The Black Death Project
How do we render and receive stories of death and violence in black communities? Cathy Cohen (University of Chicago, Political Science), film producer and director Orlando Bagwell, and sculptor Garland Taylor develop a project that investigates how representations of blackness, death and violence are reflected in and refracted by neoliberalism and new media.



Orlando Bagwell
Orlando Bagwell is an award-winning documentary filmmaker whose films have captured the history of violence and movement from slavery to the civil rights and Black power movements and present-day stories of race and conflict in contemporary American society. He received his BA and masters degree from Boston University in filmmaking and journalism, and was recently appointed as Director of the Documentary Program at The University of California, Berkeley, Graduate School of Journalism. Throughout his documentary career his work has considered the tensions within America’s racial diversity by considering the foundations of attitudes and actions beginning in its early history of slavery and slave resistance and the implications of that history in America’s 21st century where shifting demographics represent an emerging new majority representing people of color.

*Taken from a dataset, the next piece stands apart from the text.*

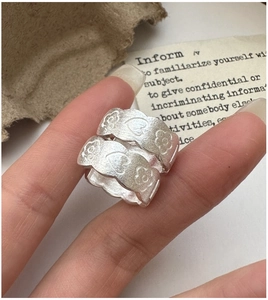 Close-up of S925 sterling silver brushed flower ring with engraved heart patterns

Always recognizing the power of story as a transformative tool, his work considers what these changes mean for an understanding of national identity and futures. His work as a filmmaker and storyteller has translated this conversation of American identity into long form dramatic documentary films, biographies, series television and museum installations - all contributing to an ongoing exploration of the historical precedents and events that contribute to a shifting national identity and consideration of how race, gender and American identity converge, diverge, and interact.

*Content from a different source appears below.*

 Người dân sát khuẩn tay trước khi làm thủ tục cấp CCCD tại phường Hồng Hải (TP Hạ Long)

Some of Bagwell's films include Citizen King, a documentary for PBS about the life of Dr. Martin Luther King; Eyes on the Prize, a 14-part mini-series on the civil rights movement in America; and Roots of Resistance: The Story of the Underground Railroad. Bagwell was also a recent director at the Ford Foundation where he oversaw JustFilms, a foundation initiative which supports independent film and digital storytelling projects that explore urgent social justice issues.
Cathy Cohen
Cathy J. Cohen is the David and Mary Winton Green Professor of Political Science and chair of the department. She has served as the Deputy Provost for Graduate Education and is the former Director of the Center for the Study of Race, Politics and Culture at the University of Chicago. Cohen is the author of two books: Democracy Remixed: Black Youth and the Future of American Politics (Oxford University Press 2010) and The Boundaries of Blackness: AIDS and the Breakdown of Black Politics (University of Chicago Press 1999) and co-editor with Kathleen Jones and Joan Tronto of Women Transforming Politics: An Alternative Reader (NYU, 1997). Her work has been published in numerous journals and edited volumes including the American Political Science Review, GLQ, NOMOS, and Social Text. Cohen is principal investigator of two major projects: The Black Youth Project and the Mobilization, Change and Political and Civic Engagement Project. Her general field of specialization is American politics, although her research interests include African-American politics, women and politics, lesbian and gay politics, and social movements.
Garland Martin Taylor
Garland is a sculptor and independent researcher from Chicago where he studied both sculpture and visual studies at the School of the Art Institute of Chicago. In his studio he welds, shapes, and polishes metal manufacturing industry discards into both life-sized functional works, and monumental public sculptures. His new works are fueled in part by research interests that stem from a brief stint at the DuSable Museum of African American History where Garland was introduced to the works of Henry Jackson Lewis, a late nineteenth century African American artist, engraver, and political cartoonist. Since 2012 Garland has devoted half of his professional practice to studying the life and art of H. J. Lewis. He recently contributed the essay Out of Jest: The Art of Henry Jackson Lewis to "Comics & Media: A Special Issue of Critical Inquiry." And in late 2014 Garland was awarded a Curtis Sykes Memorial Grant for Arkansas History from the Arkansas History Commission to further research Lewis.